The reading material for our Marketing Class this week included an article titled: “The customer doesn’t know best; you do“. As this is something I mentioned in my blog a number of times before, I must admit I was intrigued. And I wasn’t a disappointed.
The first point of the article deals mainly with customers’ perception around prices:
Customers always want lower prices, but marketers should rarely listen. And our tough times don’t warrant exceptions
The writer, Anne-Marie Fink, gives a number of examples where price reductions caused a decline in sales due to branding issues. The interesting examples are those in which surveys said that customers will be willing to pay a certain amount for a product but actually paid a lot more in the stores. This did not come as a total surprise to me. Surveys are problematic. But more than that, asking people to give an estimation of value is problematic. A survey takes a certain point in time and asks the surveyed to appreciate how much he will be willing to pay in the unknown future. As Dan Gilbert points out in his fascinating TED talk, human beings are really bad at doing this, because value is situation dependent. Perception of value of a certain product changes according the circumstances – mode, what other products I am buying at that moment, was is my total sum of expenditure and more. These things are more important than what a person says he will do in some anonymous survey.

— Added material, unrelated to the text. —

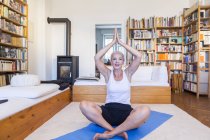 Mulher caucasiana sênior praticando ioga em casa — Fotografia de Stock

Another great example in the article relates to another point I discussed here: competitive advantage. Fink describes fast food restaurants’ attempts to introduce health food into their menus because this is what customer said they wanted. Almost all of these attempts (usually adding some kind of veggie burgers or grilled products) failed even though in the surveys customers explicitly said they would like to see healthier menus. Why? Because you don’t go to a fast food restaurant to eat a healthy meal. These chains lost sight of what their competitive advantage was. Off what they were offering and insisted on listening to the customer instead on focusing on themselves and their advantages.
All of this does not mean the surveys are useless or that we should ignore what customers are saying. I think it is more important to understand how we are listening to our customers and what kind of questions we are asking. In the case of consumer behaviour and price sensitiveness, the best prediction is probably the wallet and we should listen to it very carefully and adapt our “market research” to it.
So, how are you listening to your clients?